◆ What is expected
All records below must be reproduced exactly, although any pictures they contain are to be omitted.

◆ Data for this exercise

=== Begin Enclosure ===

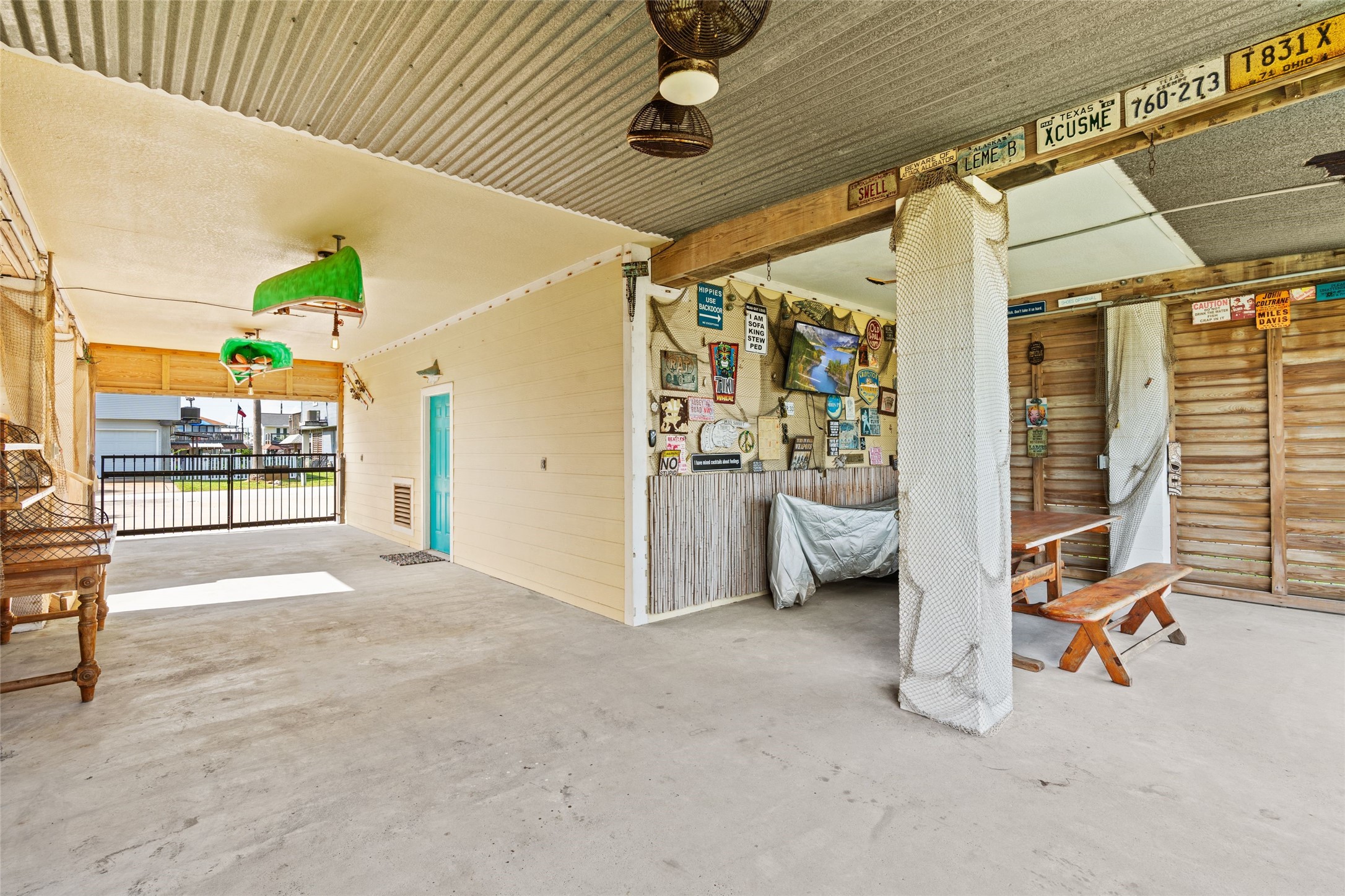 645 Warsaw Street Property Photo 5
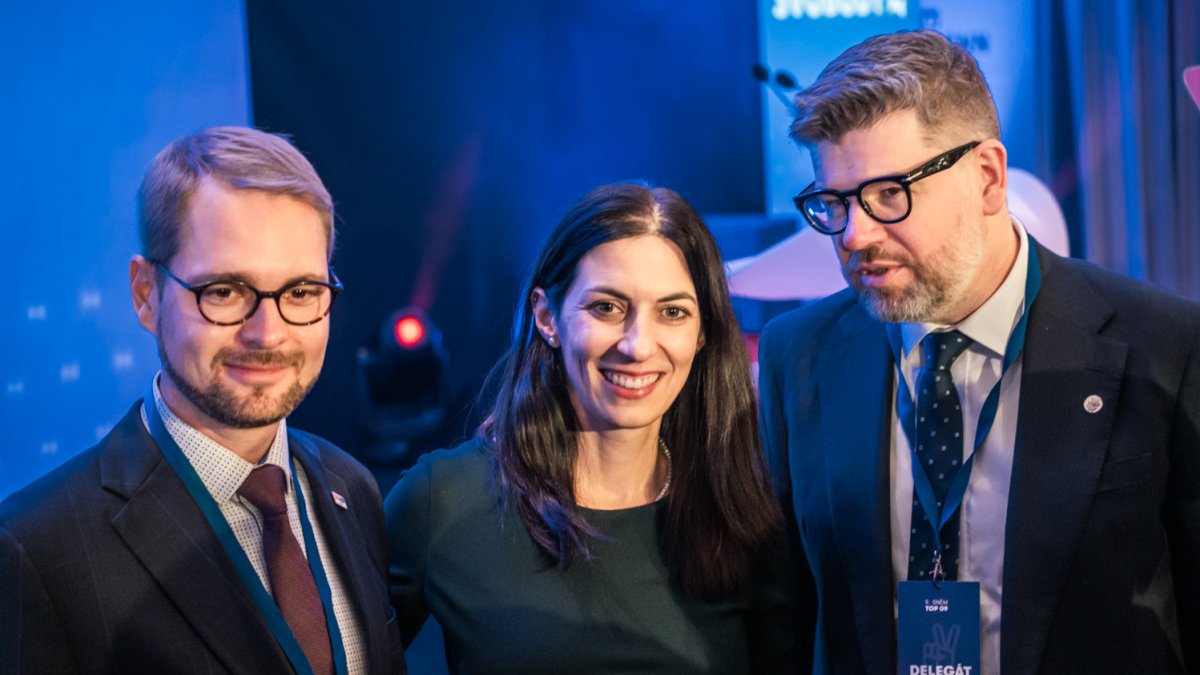 TOP 09 si volí nového předsedu strany. (8.11.2025)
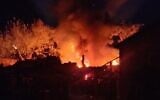 Une frappe de drone russe sur la synagogue Nachlas Eliezer dans le quartier de Peresyp, à Odessa, en Ukraine, le 4 août 2025, a causé d'importants dégâts au bâtiment. (Crédit : Rabbin Pinchas Goldschmidt/X)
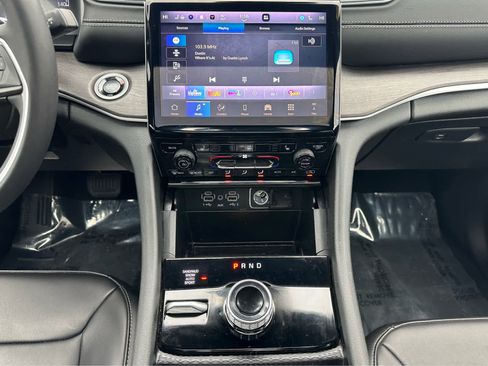 Used 2025 Jeep Grand Cherokee Limited image 15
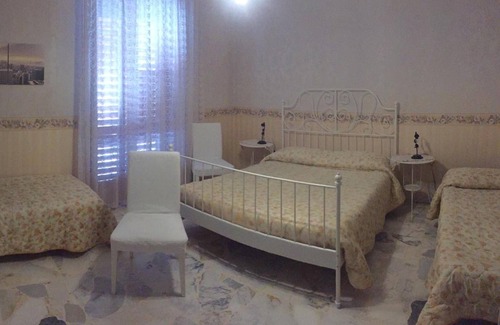 Viagrande Cama Y Desayuno | Il B&B Maison Graziella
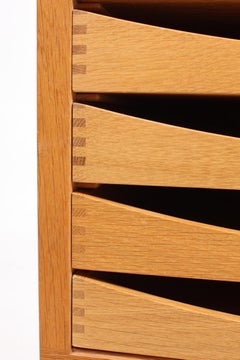 Commode in Oak by Hans Wegner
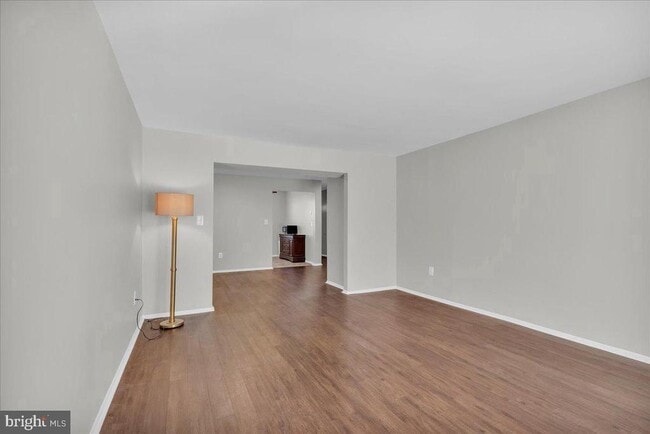 Building Photo - 915 Silver Ct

=== End Enclosure ===

◆ Solution to this problem
 645 Warsaw Street Property Photo 5
 TOP 09 si volí nového předsedu strany. (8.11.2025)
 Une frappe de drone russe sur la synagogue Nachlas Eliezer dans le quartier de Peresyp, à Odessa, en Ukraine, le 4 août 2025, a causé d'importants dégâts au bâtiment. (Crédit : Rabbin Pinchas Goldschmidt/X)
 Used 2025 Jeep Grand Cherokee Limited image 15
 Viagrande Cama Y Desayuno | Il B&B Maison Graziella
 Commode in Oak by Hans Wegner
 Building Photo - 915 Silver Ct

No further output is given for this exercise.